Karachi, April 6, 2025 – In a striking revelation, the Federal Board of Revenue (FBR) has disclosed that distributors of cigarette and pharmaceutical products received a staggering Rs14.53 billion in tax concessions during the last fiscal year.
This information was made public in the FBR’s recently released Tax Expenditure Report 2024, shedding light on the financial impact of reduced tax rates granted under specific legal provisions.
The report reveals that cigarette and pharma distributors benefitted from a reduced rate of income tax, as provided under Clause 24A of Part II of the Second Schedule of the Income Tax Ordinance, 2001. According to the FBR, this concession allows a significantly lower tax rate of just 1% of the gross amount of payments for these sectors, under clause (a) of sub-section (1) of Section 153.

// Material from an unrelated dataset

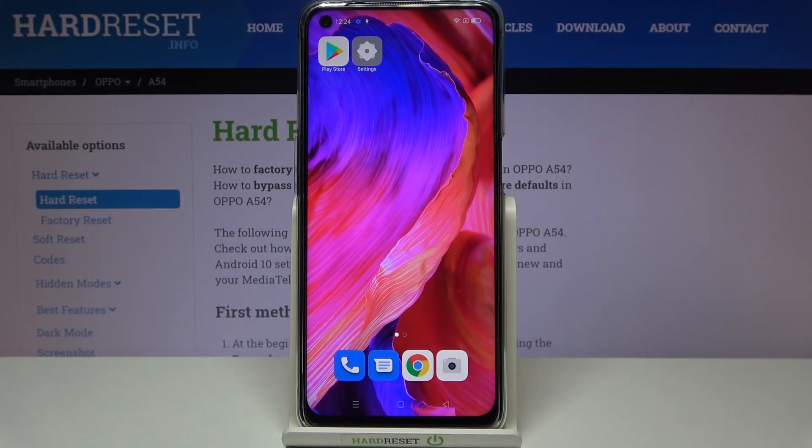Hi everyone, here we've got the Oppo A54 and let me share with you how to enable OTG connection on this device.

This preferential treatment, particularly for cigarette distributors, has raised eyebrows among financial analysts and public health advocates. Critics argue that while the cigarette industry contributes to health-related challenges across Pakistan, it continues to enjoy lenient tax policies that reduce the overall revenue potential for the government.
Similarly, although pharmaceutical distribution plays a crucial role in healthcare delivery, the scale of the tax relief offered has sparked debates over equity and fiscal responsibility. With over Rs14.5 billion in foregone revenue, many are now questioning whether such blanket concessions should be reassessed, especially given Pakistan’s ongoing struggle to broaden its tax base.
The FBR’s report underscores the need for greater transparency and evaluation in the country’s tax policy decisions. It also calls attention to the long-term implications of offering favorable tax treatments to sectors like cigarette distribution, which continue to thrive despite contributing to public health concerns.
As the government explores new strategies to boost tax collection and reduce fiscal deficits, it remains to be seen whether such concessions will be maintained or rolled back in future budget cycles. Stakeholders from both the public and private sectors are now expected to engage in critical discussions regarding the balance between economic incentives and national interests.